Bloodless stalker remake gives teens toned-down twists
1979’s When a Stranger Calls was one of the first stalk-n-slash films out of that cycle (hot on the heels of Halloween) and reached a sort of pop culture osmosis with the catch phrase, “Have you checked the children?” uttered ominously across many a school yard by tweens who really weren’t supposed to be allowed into the newly sprouted multiplexes to see the R-rated chiller.
Carol Kane played a put-upon babysitter hassled by phone calls from some nut job, a suspenser that builds within the first half hour into some memorable moments, peaking with a shocking revelation, topped by an even more shocking revelation that would probably freak out audiences if put into a horror film today.
They didn’t put the latter into the remake.
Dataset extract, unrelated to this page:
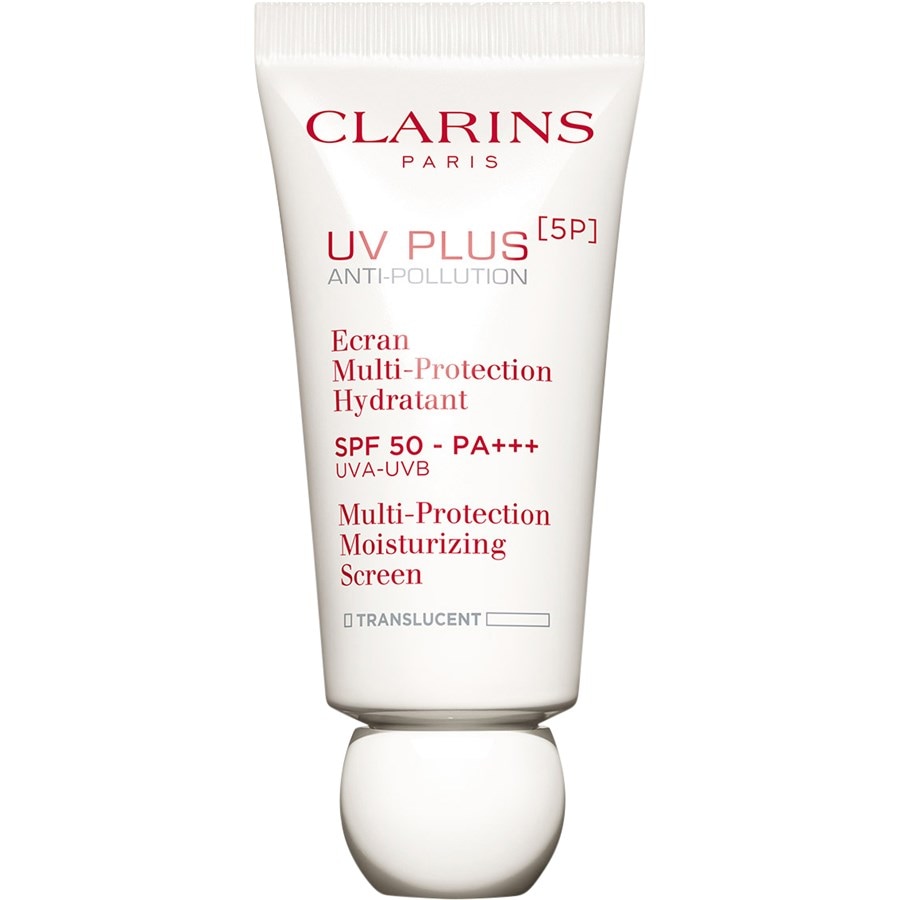 CLARINS Spezialpflege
Actually, the last hour of the original was pretty lame, so director Simon (Tomb Raider) West didn’t put that in either, instead expanding the narrative of the first film’s intro into feature length. Which means an interminable amount of teenybopper soap opera nattering about Jill Johnson (Camilla Belle) and her angst about having to take a babysitting gig because she overran her cell phone minutes, and having to deal with a boyfriend-stealing hippie tramp named Tiffany (talk about covering all the bases for impending psycho-bait).
Finally she is driven by her father up to a remote posh estate to watch the kids and things finally settle down into PG-13 creepy mode, as for the next hour Jill wanders about the house checking out the dark recesses as various ring tones chirp and jumping as that darned cat flies out at her as the soundtrack alternates between moans and shrieks. Actually, while generally I’m perturbed anytime a horror film resorts to the clichéd cat scare, here West uses it as a clever setup to a reference to the Grande Dame of Old Dark House suspensers, The Cat and the Canary.
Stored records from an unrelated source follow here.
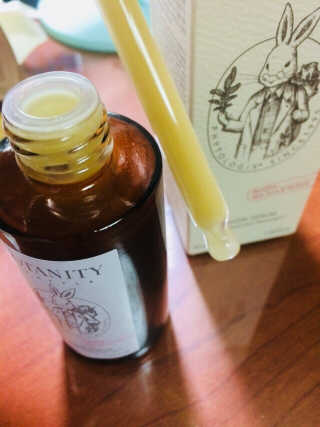 보타니티 [홍]조[진]정[결]케어 플라본 세럼 — 4.17점을 준 리뷰어가 2018년 5월 올린 사용 사진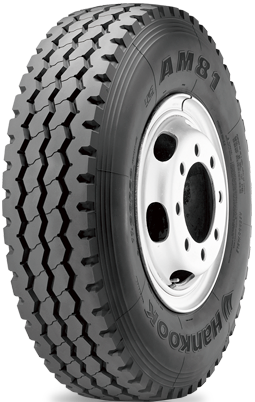 HANKOOK AM81 12.00/80 R 20 154/151K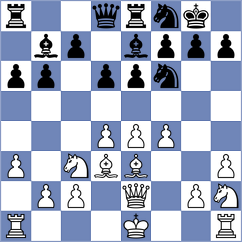 Malanova - Kukushkin (Nizhnij Novgorod, 2013)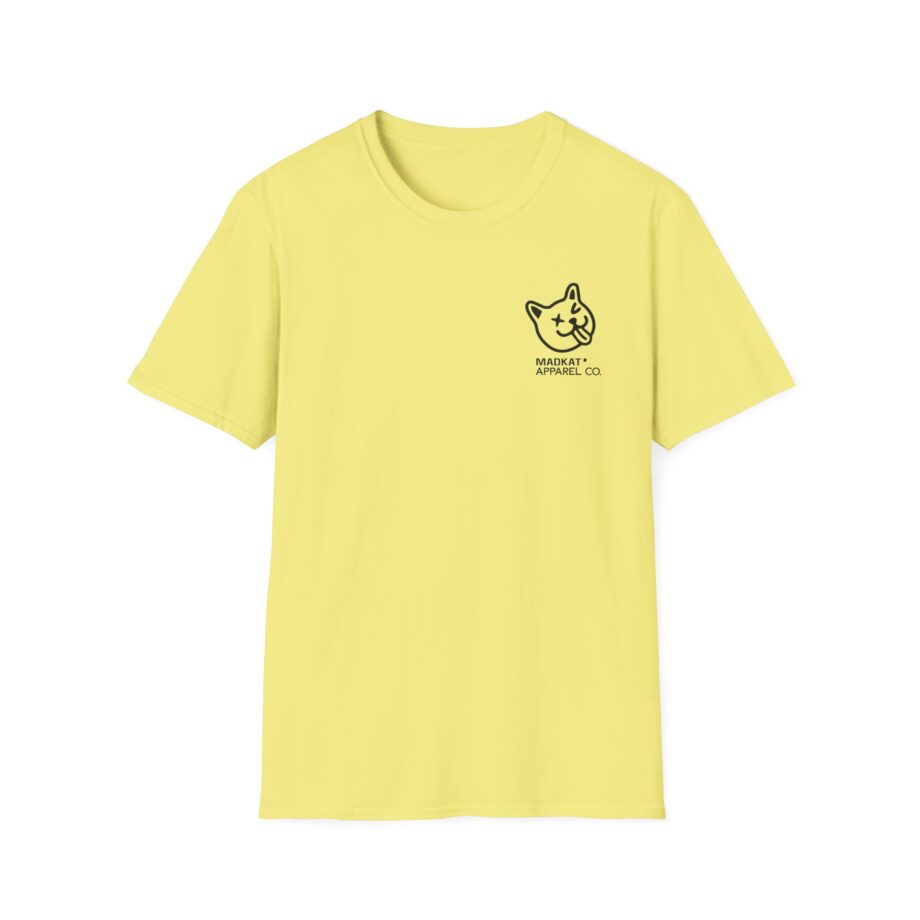 Rubius New Originals V.2 Unisex Softstyle T-Shirt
I went into this expecting to hate it, what with it being PG-13 and the fact that they gave away the big twist in the effin’ trailer. But about halfway through, enough broad hints have been dropped that it is not really a twist, just the logical progression of the narrative. Even the substitute twist in the end has been played out so many times before that it was sort of like watching someone cross the street. “Well … that happened.”
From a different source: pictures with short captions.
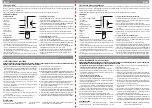 Preview for 2 page of IconBiT U LIGHT COMBO TRS2075 User Manual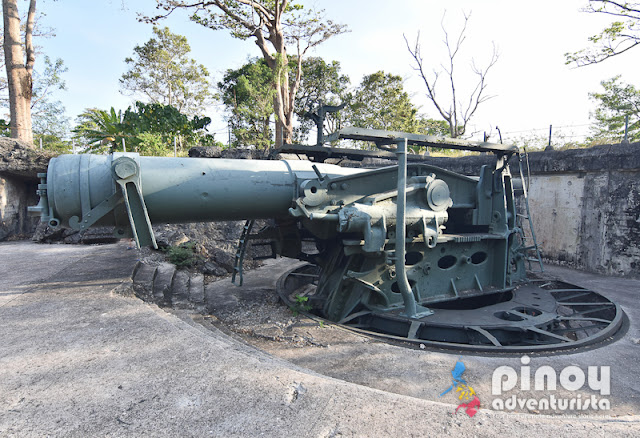 Cheapest Corregidor Day tour from Bataan or Manila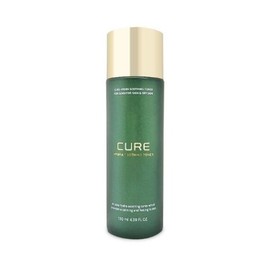 Kim Jeong-moon Aloe Cure Hydra Soothing Toner 130ml 1 piece Ss / 김정문알로에 큐어 하이드라 수딩 토너 130ml 1개 Ss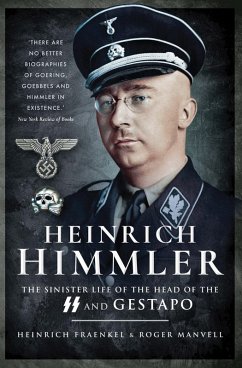 Cover Heinrich Himmler (eBook, PDF)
Ultimately, there is a leisurely, ominously comfortable vibe going down that gives anyone who has seen this kind of thing before way too much time to consider the inherent absurdities of the narrative.
But all-in-all, there was a certain charm to it. Camilla Belle gets points for carrying what is essentially a one-person show. It wasn’t designed to satisfy the jaded horror fan, content only to be a solid suspenser for the teenaged girl crowd. No blood, no onscreen mayhem, just a capable thriller for any girl who has done babysitter duty.